For example: An ancient Greek or Roman man would have been considered potent if he always penetrated (and dominated) his sexual partners. But, if those partners happened to be boys, the same man would have been labeled impotent by early Freudian analysts. They regarded anything less than "successful vaginal intercourse" as a sexual failure. In the classical world, who you did it to mattered less than the way you did it; an elite male always took and never gave pleasure. Receiving fellatio from another man carried relatively little stigma, but nothing was more shameful than performing cunnilingus. A rampant, inarticulate stud seemed less manly to the ancients than a self-disciplined, aristocratic orator because theirs was a culture where self-mastery and certain privileged skills counted for more than brute force.
This didn't keep Romans, when engaged in the aforementioned skilled oratory, from including impotence among the worst insults you could fling at an enemy. They also defined potency as the ability to sustain an erection without much coaxing; older men were often taunted for requiring lots of assistance from their slaves' mouths and hands. A superior, virile man exerted perfect control over his body and his subordinates -- be they wives, servants or male or female slaves. Manhood was, as McLaren puts it, a kind of performance rather than a "natural" state.
By contrast, in early Christian Europe, fathering lots of children was the foremost means of proving one's manhood. A guy could be capable of getting it up and in, but if no offspring resulted, it didn't quite count. At the same time, some of the young religion's most influential thinkers mistrusted any kind of sex, and a model of celibate manliness -- the Soldier for Christ -- emerged as a counterpart to the lusty patriarch of a sprawling brood. Where the Romans had seen marriage as a coldblooded business contract (with adoptions readily used to make up for reproductive shortfalls), the Christians "moralized" sex and therefore matrimony. This, as McLaren sees it, marks the beginning of "the modern view of sex as the essence of one's being."

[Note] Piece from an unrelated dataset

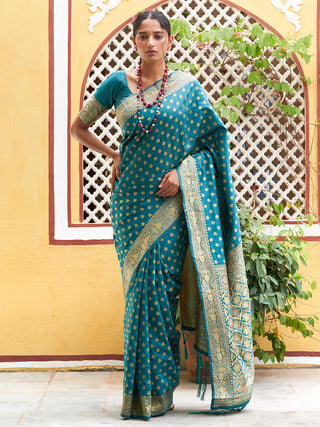 Janasya Teal Green Banarasi Silk Woven Ethnic Motifs Woven Design Saree - Distacart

The very first Christians thought the world was going to end at any moment, so they viewed any attachments to the fleshly life as perilous distractions. A vogue for "spiritual" or "Josephite" marriages had husbands and wives vowing to remain virgins even after their nuptials, and Margery of Kempe successfully appealed to Christ to make her husband impotent during Holy Week to keep him from polluting the sacred days. If you had to have sex, it was imperative to do it only for the sake of reproduction, with one (opposite-sex) partner to whom one was lawfully wed for the entirety of one's life. As St. Paul put it: "Better to marry than to burn."

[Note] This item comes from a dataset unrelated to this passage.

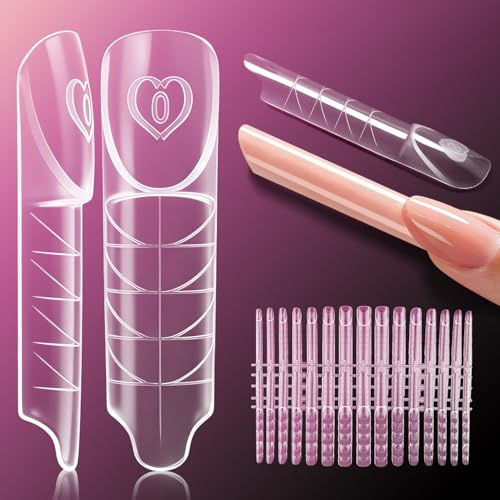 Gorgellux 3D French Dual Forms, 150Pcs Nail Mold for Quick Extension, 15 Size Reusable, Salon Nail Art DIY Tools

Nevertheless, the newly converted barbarians of Northern Europe clung to the custom that only consummation made a marriage. This meant that the only way out of an unwanted union was to claim that the "marriage debt" had never been paid. This loophole, McLaren explains, resulted in a rich irony: Celibate churchmen found themselves engaged in long, complicated debates about the finer points of sex and potency. Was it enough merely to be able to get an erection? Or did penetration have to be achieved as well? Was ejaculation necessary?